Однако, сколько я ни переживал, ничего не происходило. Дни потянулись серой однообразной лентой: дом — работа, работа — дом. Работы, кстати, у меня прибавилось моими же стараниями. «Аватаров» в учебных классах, как мы их называли, решено было частично заменить учителями. Что такое «аватар»? Представьте себе видеоэкран в стену шириной и высотой в два метра. На этом экране помимо виртуальной доски отображается фигура учителя — такого же виртуального, как и все прочее в нашей жизни. Он нереален — просто картинка, порождение электронного разума с минимальным набором эмоций, — но выглядит как живой человек. Ходит, разговаривает, пишет на «доске», глядит на учеников, обращается к ним. Прогресс далеко шагнул, не спорю, но почему-то образование сделало шаг ровно в обратную сторону. Я уже давно подметил, чем больше прогрессивного навязывается человеку, тем хуже и бледнее он становится на фоне окружающего его мира.
Но я отвлекся — накатывает иногда, знаете ли. Работы, как я говорил, у нас прибавилось. Комиссия Минобра постановила контроль результатов учебного процесса передать человеку и наконец-то отменить глупейшую систему тестов.
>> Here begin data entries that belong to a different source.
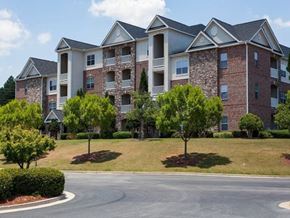 Stockbridge apartment for rent - A large brick apartment building with a green lawn in front.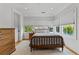 Serene bedroom with natural light, comfortable queen bed, and plush rug at 185 Central Ave, Fayetteville, GA 30214
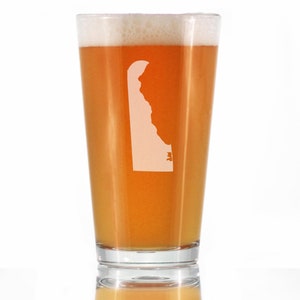 May include: A clear glass pint glass with a white outline of the state of Delaware on the side. The glass is filled with a light amber colored beer.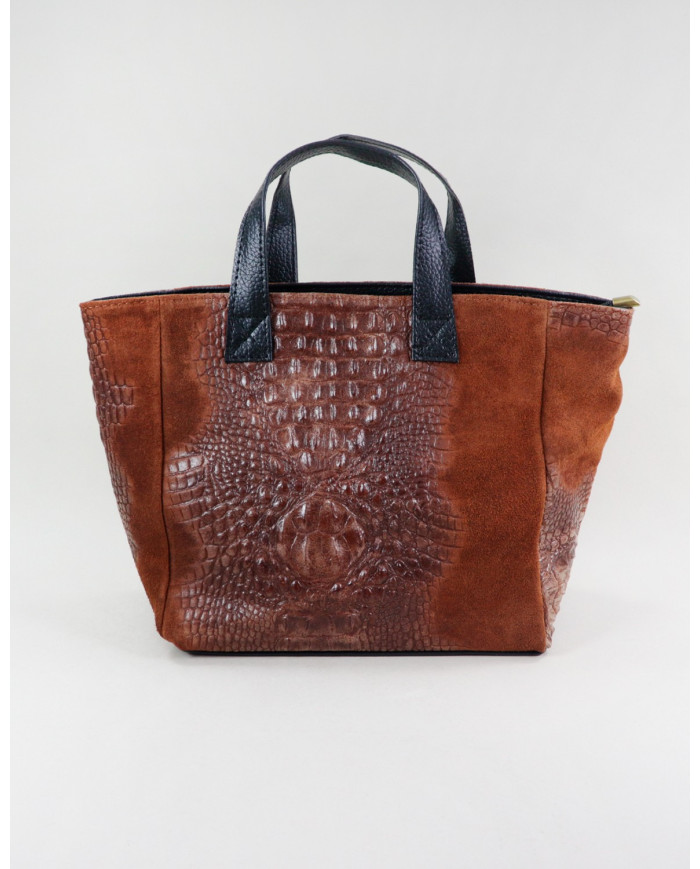 Camel de la señora de la mano en la piel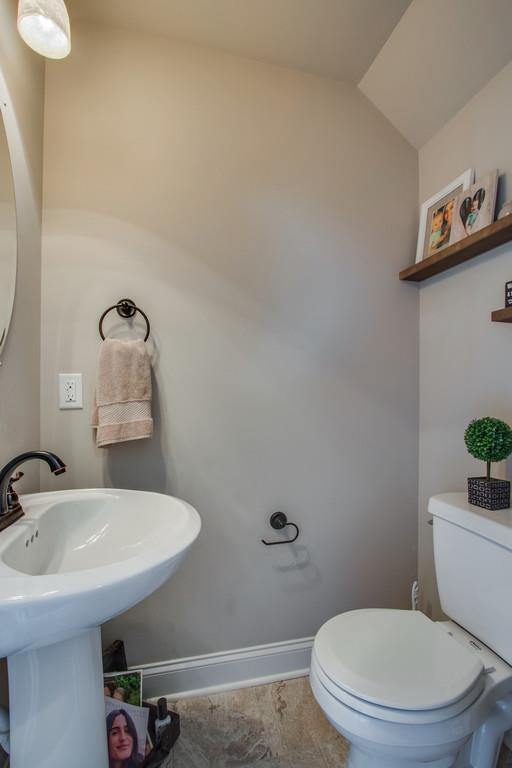 11 Remington Road Lebanon, TN 37090 - Photo 15 of 29 a bathroom with a sink mirror and toilet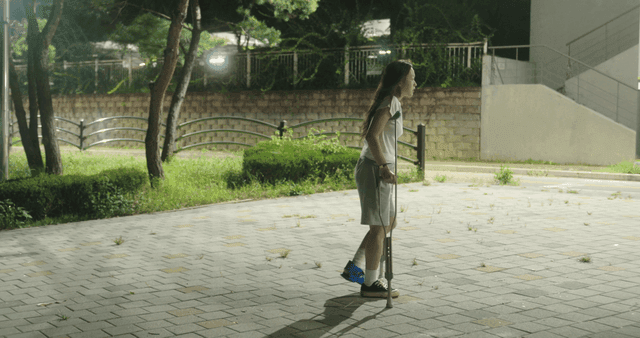 밤에 목발을 짚고 걷는 여성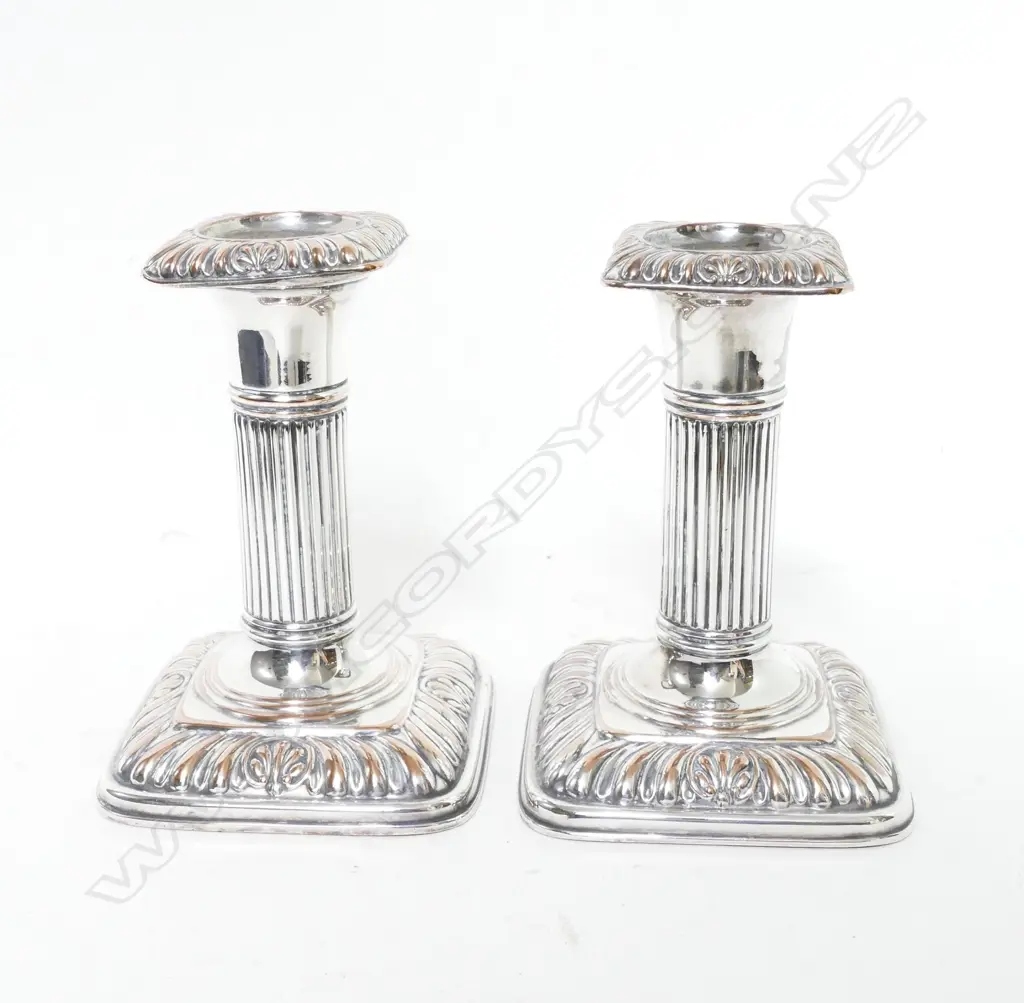 A pair of small Victorian silver plate on copper column candlesticks Image 1++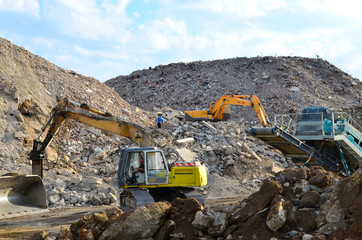 Salvaging and recycling building and construction materials. Excavator with hydraulic hammer work...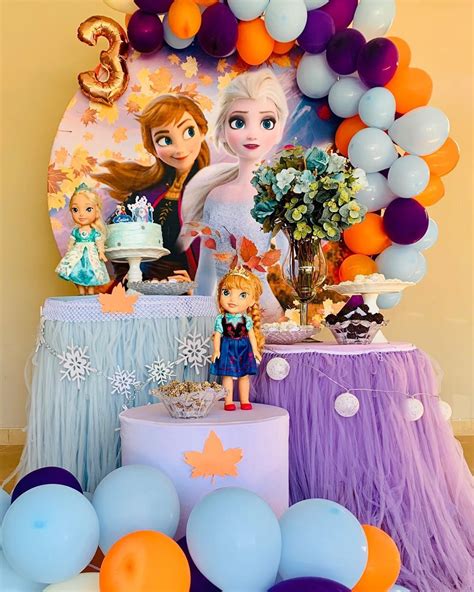 a frozen princess birthday party with balloons, cake and decorations on ...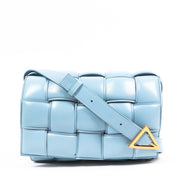 Buy an authentic second-hand Bottega Veneta Blue Lambskin Leather Padded Cassette Crossbody Bag in very good condition at Labellov in Antwerp.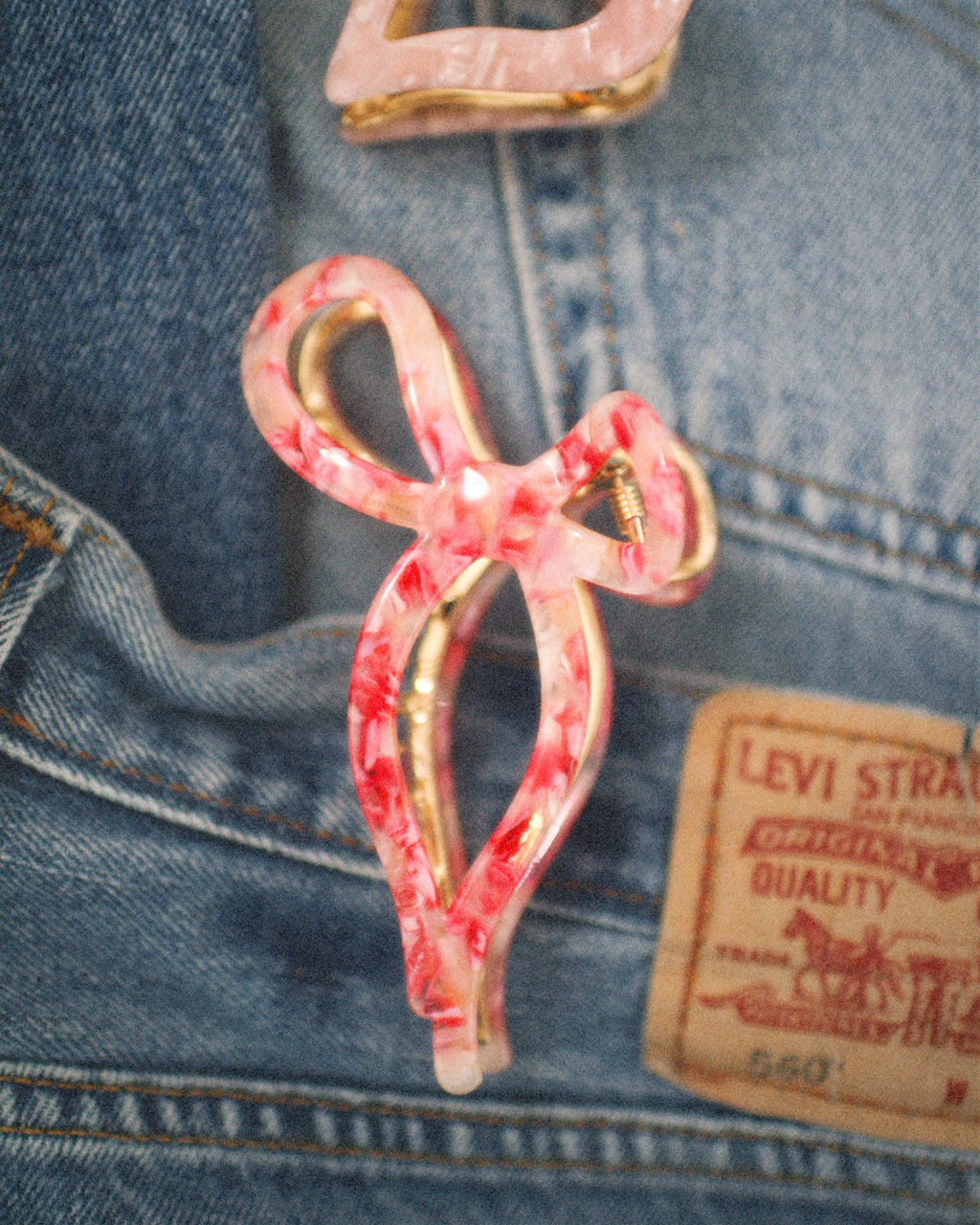 Pink bow-shaped hair clip on a Levi's denim background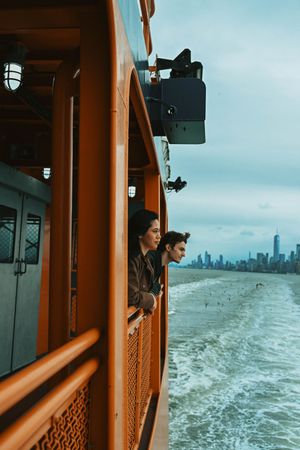 Two people lean over the railing of a ferry boat gazing at a city skyline across the water on a cloudy day.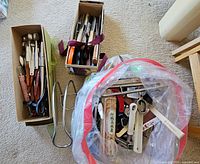 Three containers of loose metal and plastic utensils and flatware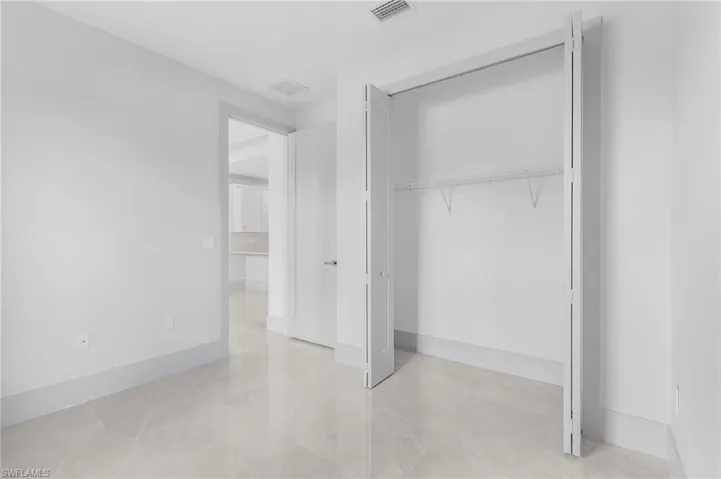 Room featuring light-toned large format tile flooring, white painted walls, and a bi-fold closet with shelving
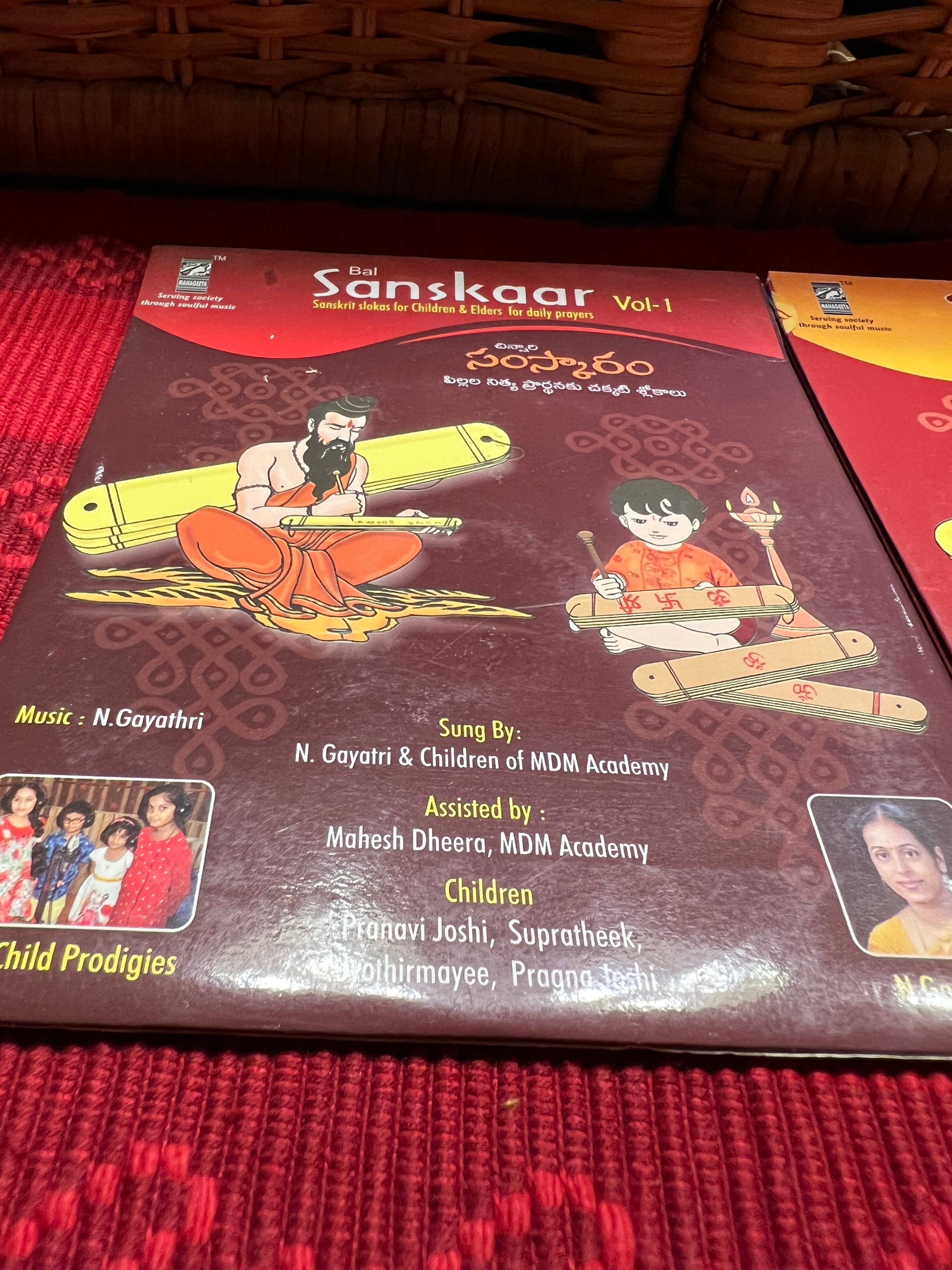 Three packages of the Indian Music Collection incense sticks from Saanskrityam Handicraft Store are arranged on a red fabric. The purple boxes with gold text, featuring an OM symbol and various logos, evoke rich fragrances akin to the soothing notes of Carnatic music.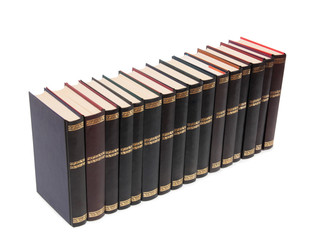 Stack of old paper books on a white background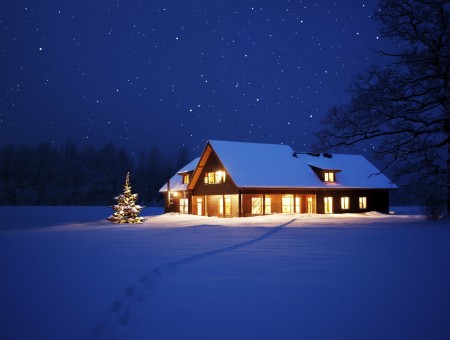White And Brown House With Light On Snow Field During Nighttime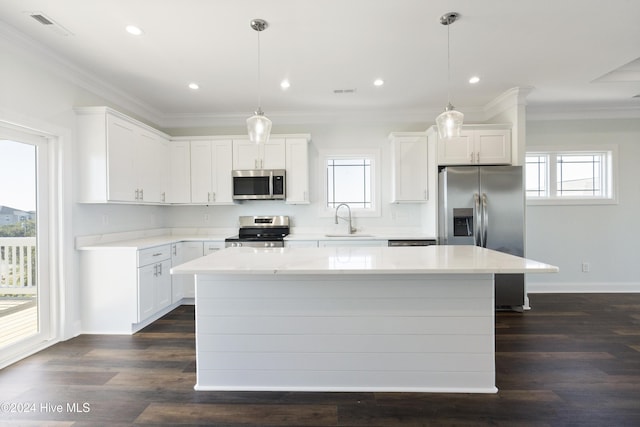 kitchen with sink, stainless steel appliances, white cabinets, pendant lighting, and a kitchen island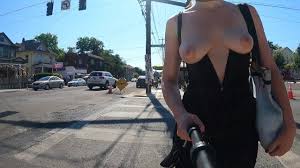 Beautiful chocolate porn star pulling out her tits in public jpg x Tits out in public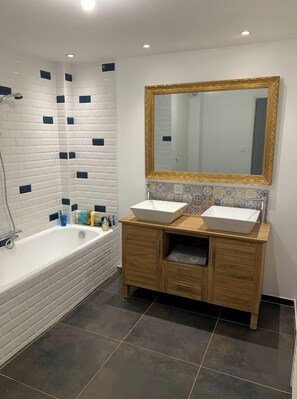 Bathtub, hair dryer, towels, toilet paper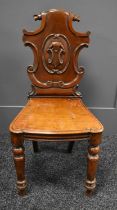 A Victorian carved hall chair with scrolling shield back, 44 by 40 by 89cm high, seat height 44cm.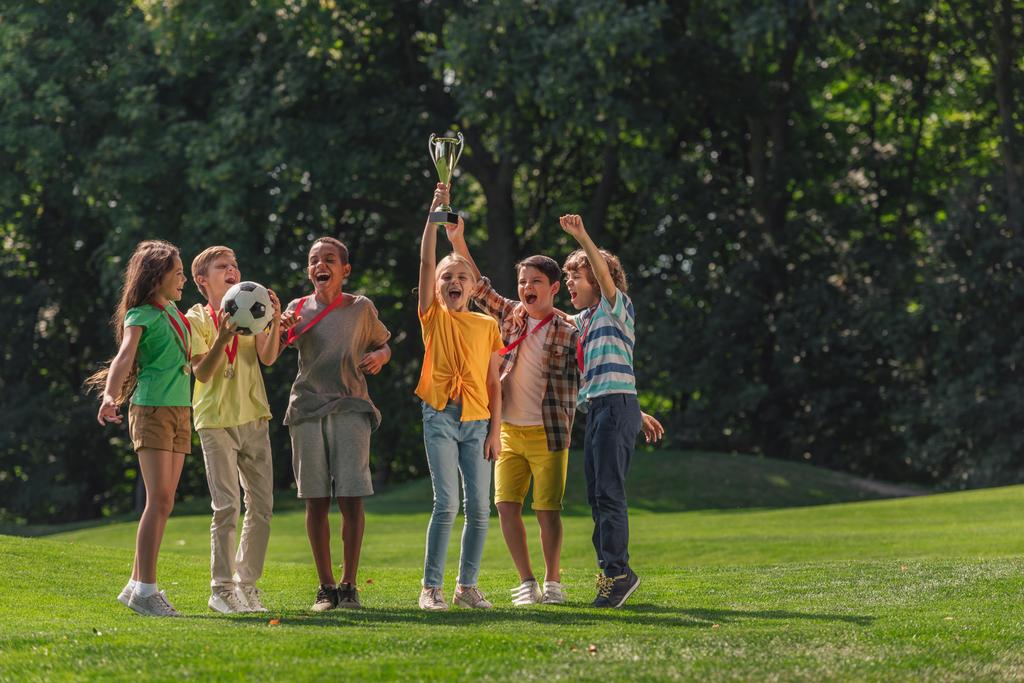 ευτυχισμένα πολυπολιτισμικά παιδιά στέκονται στο γρασίδι με το ποδόσφαιρο και τρόπαιο  - Φωτογραφία, εικόνα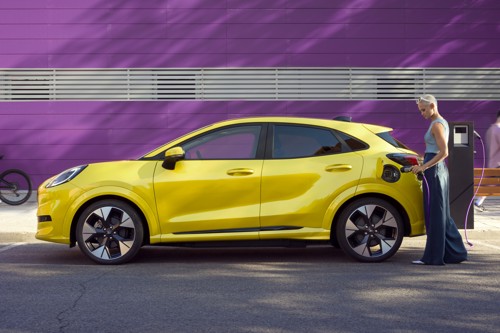 Best family cars 2026L Ford Puma Gen E 2024, profile view, yellow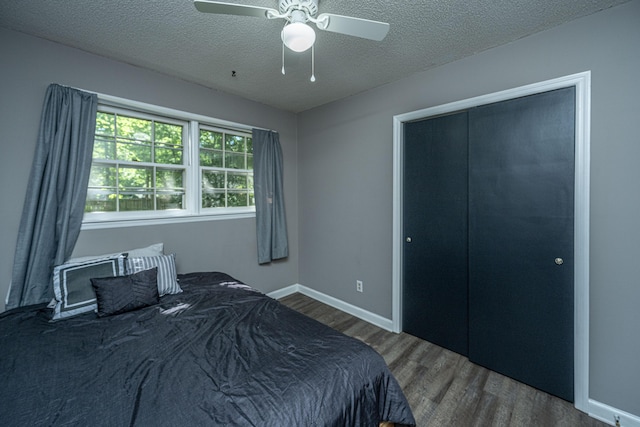 bedroom featuring a textured ceiling, a closet, hardwood / wood-style flooring, and ceiling fan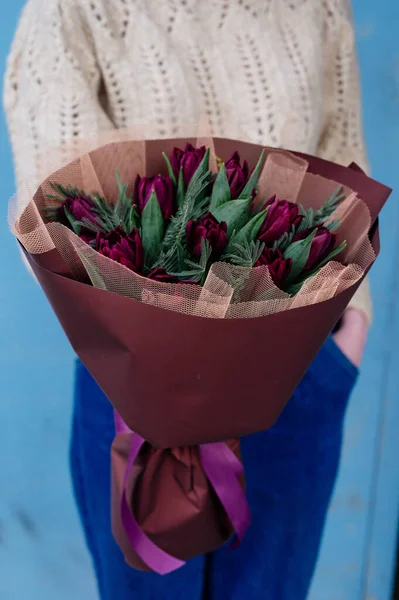 Kırmızı lale buketi ve mimoza yaprakları mavi arka planda örülü kazak giyen çiçekçi kızın ellerinde..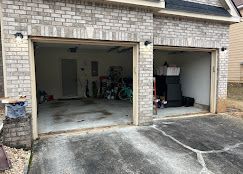 Two open garage bays with gray brick exterior. One is cluttered, the other is less so.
Сильно подозреваю, что система эта разрабатывалась отнюдь не для контроля знаний учеников и их творческого потенциала, а для некоей стандартизированной отчетности, которую можно было вбить в туповатые машинные головы — автоматизированная проверка. Так что на нас, на учителей теперь навалилась уйма работы по подготовке методического материала: как оценивать знания, как принимать экзамены. Я слышал, существовало нечто подобное более ста лет назад. Пришлось копаться в архивах. Только представьте мое удивление, когда я обнаружил, что раньше учителя преподавали лично, вручную проверяли контрольные и вживую принимали экзамены! Да, существовали билеты, которые учащиеся выбирали случайным образом, но учитель, дабы выявить способности ученика, подтянуть его, если тот что-либо запамятовал от волнения, или, напротив, вывести на чистую воду, если воспользовался шпаргалками (я, правда, не совсем понял, что это есть такое), задавал наводящие вопросы. Это же уму непостижимо! Какими знаниями и опытом должны были обладать эти люди, чтобы свободно ориентироваться в своей нелегкой профессии учителя. Но зато какие умы рождало тогдашнее образование. Пусть и не гениев, но всесторонне развитых личностей с широким кругозором, могущих взяться за любую работу, проявить себя в новом и развить в себе устремления по интересам. Сейчас этого нет. Единичные случаи. Вырождение, как правильно говорил Степан. И как ни противно и страшно было признавать это, «бобр» оказался прав: искусственный интеллект и цифровые технологии, вернее, перебор с ними в угоду коммерции, пошли человечеству исключительно во вред.
Мне было страшно. Я боялся не справиться с новой ролью — это огромная ответственность. Но во мне тлело жгучее желание изменить что-то, сдвинуть с мертвой точки, раскрутить замирающий маховик. Я часто беседовал с коллегами. Большинство из них были крайне недовольны новой ролью, назначенной им. Кем они являлись раньше? Надсмотрщиками над машинами, в которых не было нужды. Это именно о них, включая меня, говорил тогда Степан. Это мы должны были контролировать учебный материал, но делали мы свою работу спустя рукава — и здесь он оказался прав. Вся наша работа есть пустое времяпрепровождение, хорошая мина при плохой игре. Но по большому счету нам было наплевать, что дают мудрые машины нашим ученикам — на то они и мудрые. Мы отдавали им своих детей на откуп, получая за это свои зарплаты. А машины готовили новых покорных рабов прогресса, безмолвных и бессердечных, пустых и бесполезных, как давно выпитая бутылка прохладительного напитка.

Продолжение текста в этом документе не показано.